Along with the special color Tiffany-blue, the watch will feature "Tiffany & Co." stamped at 6 o'clock combined with Patek Philippe branding at 12 o'clock. The sapphire crystal case back bears the commemorative inscription “170th Anniversary 1851-2021 Tiffany & Co. - Patek Philippe. Stern also made a tiny "surprise" on the back, which he will leave for the owners.

“I put something secret on the back of the watch,” Stern said. "It's pretty funny."

For Tiffany, a Patek "gift" means the retailer can offer a new sports watch to its most valued customers and create a buzz in its boutiques. Alexandre Arnault said in a statement that Tiffany is “proud to present this special edition with Tiffany Blue dials to our most discerning customers.”

However, this also comes with risks. Tiffany will have far more than 170 VIP customers with cash and a desire to buy a watch, and most of them will be rejected. It will retail for around $52,000 and will only be available at Tiffany boutiques in New York, Beverly Hills, California and San Francisco, where Patek Philippe is sold.

"I had to warn Tiffany and I said, 'Look, this is a fantastic gift,'" Stern said. “But it's also dangerous because you'll only have 170 pieces and it's up to you to sell it to the end customer. There will be 170 people who will be very happy and the rest will be unhappy.” I hope they sell it to the right people. For me, this is really the most important thing. When you make a clock like this, it should go to the right person.”

Pandemic creates scarcity, fuels interest

Ref. The 5711 is the most striking example of the larger supply/demand imbalance in the luxury watch market. Rising stock markets, crypto wealth and a flood of government stimulus have created record wealth while a whole new generation of young shoppers have begun to learn about high quality watches and shop online during the coronavirus pandemic.

However, Patek Philippe, Rolex, Audemars Piguet and Richard Mille - all privately owned - have not significantly increased production. Rolex sold 810,000 watches last year, Audemars 40,000 and Richard Mille 4,300, according to a Morgan Stanley report. The numbers were lower than usual due to pandemic shutdowns.
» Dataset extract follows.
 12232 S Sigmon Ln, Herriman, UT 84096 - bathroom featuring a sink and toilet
Patek typically produces around 60,000 watches a year. Like other brands, the company says it cannot substantially increase production without sacrificing quality. As an example, Stern said that it takes 10 years to train a good watchmaker who can master the intricate details and making of Patek watches.
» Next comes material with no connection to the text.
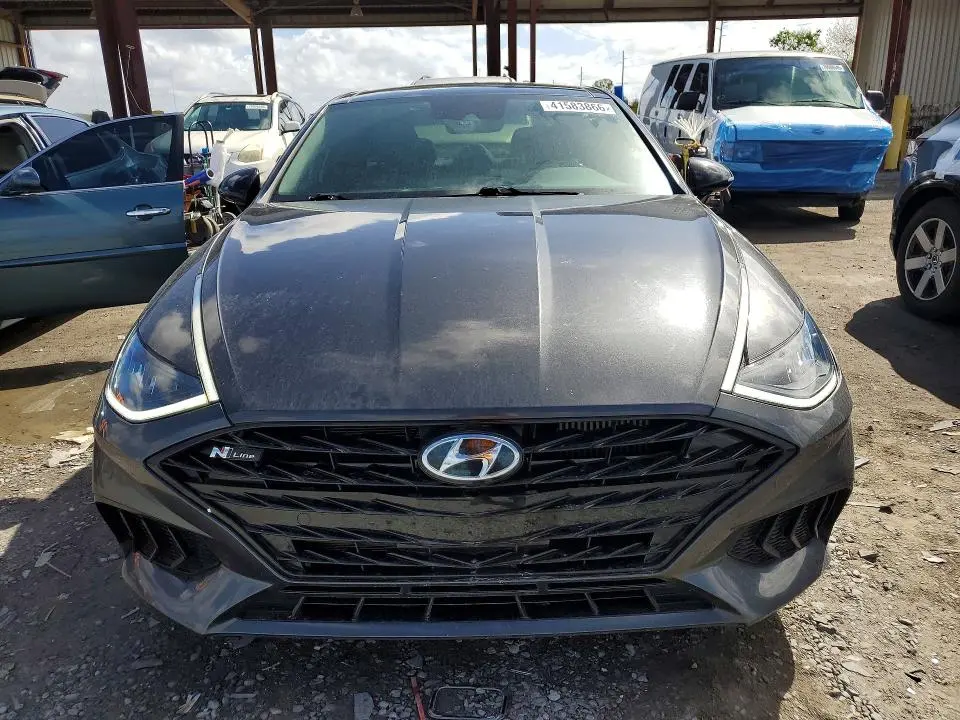 2022 HYUNDAI SONATA N LINE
"Quality will always be at the top of my wish list," said Stern. “I do not need to rush, I am not being pushed by the shareholders. I'm not interested in increasing the number in order to have large numbers. I'm more interested in longevity and beauty."

However, the low output of top brands has created a huge gray online market for used watches. Customers entering a Rolex or Audemars store for the first time usually find that the watch they want is not available, and waiting lists can stretch for years for those lucky enough to even make a list. So many buyers are turning to a growing number of online sites such as Chrono24, Chronext, Hodinkee and WatchBox that sell used watches, often at a hefty markup. High-demand watches that officially retail for $25,000 or $35,000 are now selling online for $60,000 or more.